In December 2020 Season 14 winner Simone Kowalski met Günther Klum (the father of Heidi Klum) in court. In the end, the court decided: The employment contract with Günther Klum will be terminated retrospectively and Simone will receive her full salary.

In February 2021 Season 15 winner Jacky Wruck has sued from her employment contract with Heidi Klum GmbH & Co. KG / ONE eins fab Management. This was announced by her lawyer.

In February 2021 in Season 16 the contestants had to walk nude in front of Heidi Klum. That would be heavily criticized by the audience and even by the German Ministry of Family Affairs, Senior Citizens, Women and Youth. The Ministry stated: "Sexism is not something that we can simply tolerate or ignore. Together we need to be very clear about sexism for what it is: namely, a form of violence.". Also Season 10 winner Vanessa Fuchs said, that she wouldn't have done that, saying: "My fashion shows weren't nude shows."

In March 2021 former contestant Jana Heinisch said, that disputes are deliberately provoked with lies from the production company. The crew manipulates the contestants behind the scenes. The edit alone decides whether a girl is likeable or not.

In April 2021 in Season 16 the contestants had to do a photo shoot at a height of 122 meters. Contestant Linda Braunberger had a panic attack during the shoot and because of that, she was eliminated by Heidi Klum. This was heavily criticized by the media and viewers. Braunbeger also stated, like many contestants before, that she was portrayed in a wrong and very negative way, saying: "I've already noticed that I was portrayed in a blatantly negative way.

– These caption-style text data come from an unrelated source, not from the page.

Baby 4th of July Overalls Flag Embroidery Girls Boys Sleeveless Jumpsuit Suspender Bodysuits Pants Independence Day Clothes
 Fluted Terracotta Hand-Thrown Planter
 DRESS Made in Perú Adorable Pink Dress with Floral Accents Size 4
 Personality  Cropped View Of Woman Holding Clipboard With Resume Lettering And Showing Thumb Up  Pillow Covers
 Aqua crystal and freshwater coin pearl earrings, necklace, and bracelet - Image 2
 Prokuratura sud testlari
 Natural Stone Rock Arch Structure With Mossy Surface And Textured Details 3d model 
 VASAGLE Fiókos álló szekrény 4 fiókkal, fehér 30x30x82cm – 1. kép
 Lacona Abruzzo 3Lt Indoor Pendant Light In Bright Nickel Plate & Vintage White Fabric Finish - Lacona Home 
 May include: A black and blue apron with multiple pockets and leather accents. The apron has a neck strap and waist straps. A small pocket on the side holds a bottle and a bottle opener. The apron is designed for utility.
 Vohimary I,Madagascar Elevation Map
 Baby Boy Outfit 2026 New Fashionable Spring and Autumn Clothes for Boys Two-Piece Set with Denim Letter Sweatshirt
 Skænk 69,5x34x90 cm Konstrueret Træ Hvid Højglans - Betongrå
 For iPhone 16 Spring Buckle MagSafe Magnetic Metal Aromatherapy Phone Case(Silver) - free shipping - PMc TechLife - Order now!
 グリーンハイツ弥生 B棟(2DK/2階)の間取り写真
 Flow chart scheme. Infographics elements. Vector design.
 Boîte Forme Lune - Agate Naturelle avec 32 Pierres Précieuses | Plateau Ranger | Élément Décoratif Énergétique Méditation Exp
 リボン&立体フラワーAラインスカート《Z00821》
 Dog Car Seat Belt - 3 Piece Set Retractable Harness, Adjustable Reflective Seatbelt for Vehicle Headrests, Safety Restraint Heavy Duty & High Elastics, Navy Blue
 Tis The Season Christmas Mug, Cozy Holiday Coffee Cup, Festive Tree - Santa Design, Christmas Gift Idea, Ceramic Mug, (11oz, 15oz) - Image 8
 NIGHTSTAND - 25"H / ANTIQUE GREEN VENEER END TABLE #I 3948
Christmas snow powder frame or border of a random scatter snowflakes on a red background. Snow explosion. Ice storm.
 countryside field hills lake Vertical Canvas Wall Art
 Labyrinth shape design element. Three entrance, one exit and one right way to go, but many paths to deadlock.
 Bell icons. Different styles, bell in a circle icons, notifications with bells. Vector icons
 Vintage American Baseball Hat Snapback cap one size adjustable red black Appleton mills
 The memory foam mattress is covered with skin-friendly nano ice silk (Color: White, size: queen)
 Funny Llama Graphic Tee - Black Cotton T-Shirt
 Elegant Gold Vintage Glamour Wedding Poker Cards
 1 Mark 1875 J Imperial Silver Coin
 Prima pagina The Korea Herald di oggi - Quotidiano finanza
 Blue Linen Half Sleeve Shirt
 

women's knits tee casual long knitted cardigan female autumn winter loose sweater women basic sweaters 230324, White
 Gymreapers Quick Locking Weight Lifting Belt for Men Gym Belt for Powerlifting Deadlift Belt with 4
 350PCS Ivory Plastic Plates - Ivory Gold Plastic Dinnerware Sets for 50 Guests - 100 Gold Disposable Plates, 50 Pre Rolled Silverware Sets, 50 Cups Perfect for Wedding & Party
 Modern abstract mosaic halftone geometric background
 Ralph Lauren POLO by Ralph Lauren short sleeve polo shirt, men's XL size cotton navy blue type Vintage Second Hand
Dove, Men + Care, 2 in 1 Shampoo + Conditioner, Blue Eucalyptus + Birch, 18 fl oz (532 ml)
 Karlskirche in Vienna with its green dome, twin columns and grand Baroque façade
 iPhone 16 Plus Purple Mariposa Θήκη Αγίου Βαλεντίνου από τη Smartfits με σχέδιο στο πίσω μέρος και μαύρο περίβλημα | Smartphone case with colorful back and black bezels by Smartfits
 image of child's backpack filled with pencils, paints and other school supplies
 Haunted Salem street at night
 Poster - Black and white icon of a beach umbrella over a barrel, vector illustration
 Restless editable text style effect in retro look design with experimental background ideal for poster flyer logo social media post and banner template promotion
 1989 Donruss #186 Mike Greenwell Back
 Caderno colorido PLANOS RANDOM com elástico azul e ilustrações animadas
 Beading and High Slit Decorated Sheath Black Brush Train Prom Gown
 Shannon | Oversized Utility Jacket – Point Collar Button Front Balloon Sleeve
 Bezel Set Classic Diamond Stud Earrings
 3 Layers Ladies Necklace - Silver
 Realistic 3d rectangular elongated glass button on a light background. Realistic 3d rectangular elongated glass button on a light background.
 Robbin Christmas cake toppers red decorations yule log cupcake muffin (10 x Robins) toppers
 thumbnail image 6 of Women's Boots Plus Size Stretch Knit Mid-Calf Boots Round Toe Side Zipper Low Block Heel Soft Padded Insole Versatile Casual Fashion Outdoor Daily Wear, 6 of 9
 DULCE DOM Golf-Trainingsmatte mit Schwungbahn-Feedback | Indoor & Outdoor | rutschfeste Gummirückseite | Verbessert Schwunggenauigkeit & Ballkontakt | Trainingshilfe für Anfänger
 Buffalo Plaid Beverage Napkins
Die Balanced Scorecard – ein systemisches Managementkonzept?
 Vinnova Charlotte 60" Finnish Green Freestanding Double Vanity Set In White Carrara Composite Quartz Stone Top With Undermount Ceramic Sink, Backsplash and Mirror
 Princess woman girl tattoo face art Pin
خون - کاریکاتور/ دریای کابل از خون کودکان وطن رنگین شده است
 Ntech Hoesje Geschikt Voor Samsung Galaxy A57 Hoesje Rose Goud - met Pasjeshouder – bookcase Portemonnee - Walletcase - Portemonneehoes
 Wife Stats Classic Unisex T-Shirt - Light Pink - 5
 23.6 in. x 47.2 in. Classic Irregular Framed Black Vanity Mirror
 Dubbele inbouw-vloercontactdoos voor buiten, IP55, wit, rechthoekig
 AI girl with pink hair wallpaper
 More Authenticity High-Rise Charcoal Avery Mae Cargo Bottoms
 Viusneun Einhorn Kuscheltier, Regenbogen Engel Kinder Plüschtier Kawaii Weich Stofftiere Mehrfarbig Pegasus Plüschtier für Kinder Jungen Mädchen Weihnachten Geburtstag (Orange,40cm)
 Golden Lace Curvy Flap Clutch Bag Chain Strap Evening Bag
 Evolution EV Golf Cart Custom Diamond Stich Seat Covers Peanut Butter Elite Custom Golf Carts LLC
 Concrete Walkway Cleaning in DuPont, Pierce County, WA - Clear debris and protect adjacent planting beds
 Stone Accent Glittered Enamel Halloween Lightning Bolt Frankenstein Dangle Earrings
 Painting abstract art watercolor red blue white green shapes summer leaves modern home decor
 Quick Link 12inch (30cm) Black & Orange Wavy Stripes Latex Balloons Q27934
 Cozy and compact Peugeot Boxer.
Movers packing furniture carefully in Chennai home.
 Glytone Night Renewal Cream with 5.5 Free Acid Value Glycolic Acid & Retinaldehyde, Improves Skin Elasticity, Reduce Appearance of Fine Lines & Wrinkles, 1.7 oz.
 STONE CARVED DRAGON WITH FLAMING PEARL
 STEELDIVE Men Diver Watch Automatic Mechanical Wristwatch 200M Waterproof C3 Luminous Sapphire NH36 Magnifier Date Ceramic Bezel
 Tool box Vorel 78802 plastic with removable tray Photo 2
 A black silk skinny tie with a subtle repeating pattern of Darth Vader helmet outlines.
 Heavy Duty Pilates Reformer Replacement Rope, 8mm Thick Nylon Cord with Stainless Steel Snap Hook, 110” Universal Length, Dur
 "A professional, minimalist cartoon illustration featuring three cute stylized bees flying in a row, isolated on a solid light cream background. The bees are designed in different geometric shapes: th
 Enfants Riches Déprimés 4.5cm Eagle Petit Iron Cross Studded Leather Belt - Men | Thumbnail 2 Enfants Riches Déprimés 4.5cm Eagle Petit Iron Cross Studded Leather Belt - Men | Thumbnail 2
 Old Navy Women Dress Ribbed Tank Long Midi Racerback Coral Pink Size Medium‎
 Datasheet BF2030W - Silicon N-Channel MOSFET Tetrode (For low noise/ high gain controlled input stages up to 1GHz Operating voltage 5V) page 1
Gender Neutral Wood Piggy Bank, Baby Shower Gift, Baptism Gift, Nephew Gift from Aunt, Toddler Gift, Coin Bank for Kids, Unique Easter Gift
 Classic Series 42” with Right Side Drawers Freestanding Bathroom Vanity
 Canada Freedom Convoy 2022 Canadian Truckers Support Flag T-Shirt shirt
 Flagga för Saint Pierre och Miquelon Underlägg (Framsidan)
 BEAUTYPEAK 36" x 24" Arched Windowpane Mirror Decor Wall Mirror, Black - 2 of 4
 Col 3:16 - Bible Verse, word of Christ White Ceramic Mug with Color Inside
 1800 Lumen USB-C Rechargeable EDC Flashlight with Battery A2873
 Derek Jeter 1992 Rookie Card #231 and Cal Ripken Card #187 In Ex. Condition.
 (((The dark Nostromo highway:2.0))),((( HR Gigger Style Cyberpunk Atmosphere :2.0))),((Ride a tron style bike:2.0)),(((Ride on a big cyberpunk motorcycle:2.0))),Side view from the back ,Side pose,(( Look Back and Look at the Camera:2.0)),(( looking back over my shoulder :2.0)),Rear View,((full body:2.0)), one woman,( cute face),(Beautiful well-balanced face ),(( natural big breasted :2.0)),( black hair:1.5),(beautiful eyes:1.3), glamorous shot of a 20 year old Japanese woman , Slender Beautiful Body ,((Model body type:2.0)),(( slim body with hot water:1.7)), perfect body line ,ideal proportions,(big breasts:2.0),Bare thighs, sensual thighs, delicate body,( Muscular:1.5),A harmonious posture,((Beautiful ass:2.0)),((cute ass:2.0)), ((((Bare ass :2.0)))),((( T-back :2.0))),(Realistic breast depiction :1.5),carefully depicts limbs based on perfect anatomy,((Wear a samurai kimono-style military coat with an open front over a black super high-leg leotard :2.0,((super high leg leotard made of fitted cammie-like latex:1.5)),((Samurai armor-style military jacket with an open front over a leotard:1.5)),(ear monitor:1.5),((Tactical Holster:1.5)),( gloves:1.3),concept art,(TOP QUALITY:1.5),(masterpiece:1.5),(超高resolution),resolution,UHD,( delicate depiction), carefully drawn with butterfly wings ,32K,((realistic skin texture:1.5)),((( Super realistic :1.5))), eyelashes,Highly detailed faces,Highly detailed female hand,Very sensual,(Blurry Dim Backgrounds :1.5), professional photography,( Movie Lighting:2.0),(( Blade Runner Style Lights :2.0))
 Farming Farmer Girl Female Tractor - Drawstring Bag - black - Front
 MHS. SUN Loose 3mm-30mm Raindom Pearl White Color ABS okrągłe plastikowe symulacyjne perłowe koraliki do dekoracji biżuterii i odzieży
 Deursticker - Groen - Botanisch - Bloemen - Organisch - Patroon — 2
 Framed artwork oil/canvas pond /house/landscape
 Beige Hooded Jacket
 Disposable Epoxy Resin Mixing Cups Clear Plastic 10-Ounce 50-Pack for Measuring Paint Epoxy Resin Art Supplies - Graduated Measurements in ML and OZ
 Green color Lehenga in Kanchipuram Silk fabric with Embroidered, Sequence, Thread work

We also had nice moments together, but unfortunately they weren't shown."

Also in April 2021, former contestant Theresia Fischer said, that the contestants were only allowed to go to the toilet if they had signed off. 
When the show started, it was no longer possible to go to the toilet.

In Season 16 six contestants quit the competition, most of them stating, that during the shooting of the show they were not feeling well, especially mentally.

Contestant Ashley Amegan (Season 16) said the production team had bullied her into changing her personality for the show. That's why she left the show even though she made it to the live finale.

As of 2021 three finalists quit the competition before the live finale.

In February 2022 once again the contestants had one of the countless nude photo shoots for the 17th season. This time the girls had to pose fully naked in a public area. Some of the girls were not covered at all and in a result to that paparazzi took pictures of the girls and very explicit pictures ended up on the internet. Once again the production company, Heidi Klum and the broadcasting channel ProSieben were heavily criticized for the fact that the naked shooting took place in public and the girls were not protected.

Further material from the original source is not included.